Speaking to the House of Commons Treasury Committee, James Bowler, permanent secretary of the Treasury, said he was satisfied that officials gave ministers the “right advice” on Kwarteng’s fiscal statement.
He added that they could not persuade the chancellor to change course. “Officials advise but ministers decide,” he said.
Bowler became the top Treasury official in early October and replaced Sir Tom Scholar, who was sacked by Kwarteng on his first day as chancellor a month earlier.
Revealing the difficulties faced by officials in the brief period when Liz Truss was prime minister and Kwarteng was the chancellor, the officials, who temporarily ran the Treasury in the wake of Scholar’s dismissal, laid out the advice they had given ministers at the time.
Beth Russell, now second permanent secretary to the Treasury, said officials knew there were big risks in the “mini” Budget and had warned Kwarteng.
She told MPs that the risks she highlighted included “the fact that the financing requirement was going to be much, much higher as a result of the event; the risk around market expectations; and the potential mismatch between the size of the intervention and what was expected by the markets”.
Asked if she had raised alarm bells, she said: “We did.”
Neither Russell nor Bowler disagreed with Labour MPs on the committee who said it appeared that Kwarteng and Truss had ignored official advice, though they added that these were the MPs’ words and not theirs.
Kwarteng has told the FT that he and others got “carried away” in the preparation of the “mini” Budget.
According to Bowler, one of the consequences of ignoring the Treasury and refusing to combine the fiscal event with an official forecast from the Office for Budget Responsibility, the spending watchdog, was that decisions about the scale of the unfunded tax cuts were taken late. This meant that officials were unable to properly brief the Bank of England, which set interest rates the day before the statement.
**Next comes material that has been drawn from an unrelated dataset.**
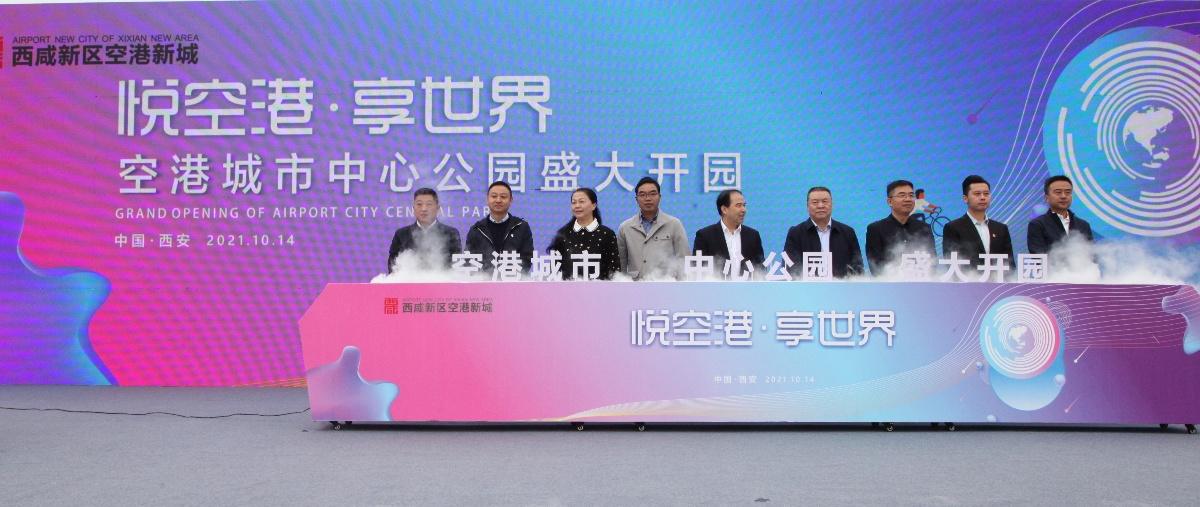 陜煤建設(shè)承建的首個市政公園項目盛大開園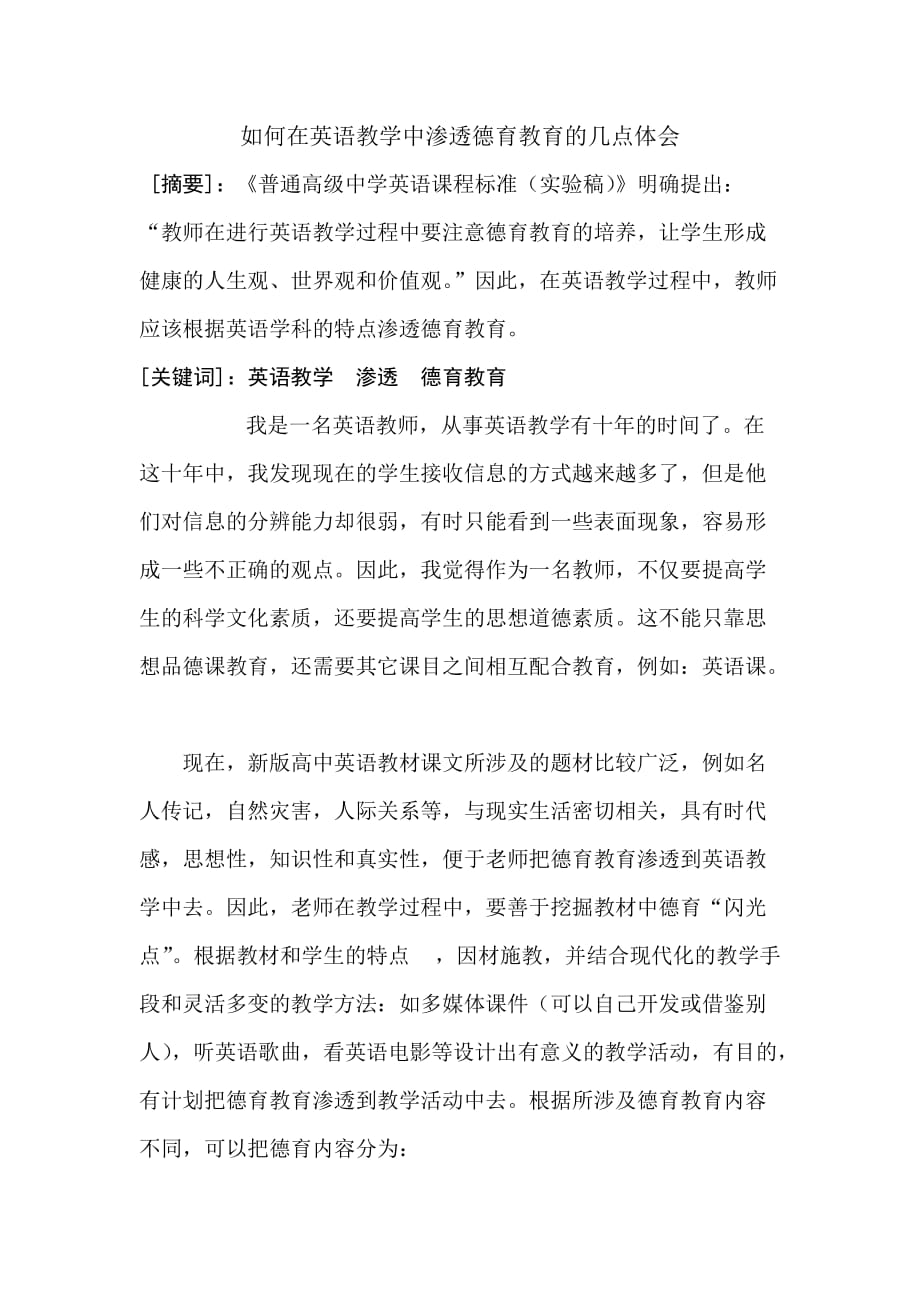 在英语教学中如何渗透德育教育的几点体会.doc_第1页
Andrew Bailey, governor of the BoE, complained last month that the central bank’s interest rate setting committee did not know of the scale of the chancellor’s measures when it was taking decisions ahead of the September meeting.
The Treasury officials also revealed that they were not informed in advance that the IMF would warn publicly about the “mini” Budget in late September. The IMF action was “a bit unusual” according to Russell, who added that and “we didn’t have sight of the statement that they released in advance”.
Another consequence of the 44 days that Truss was prime minister was a problem with morale in the Treasury, said Bowler, who was appointed to lead the ministry in early October in a bid to show that economic orthodoxy was back in charge.
In reference to comments by Truss in the summer that the Treasury was engaged in “abacus economics” that had undermined UK economic growth for over 20 years, he said: “It has been a tough year,” adding that there had been “some negative commentary on Treasury civil servants and none of that has been helpful”.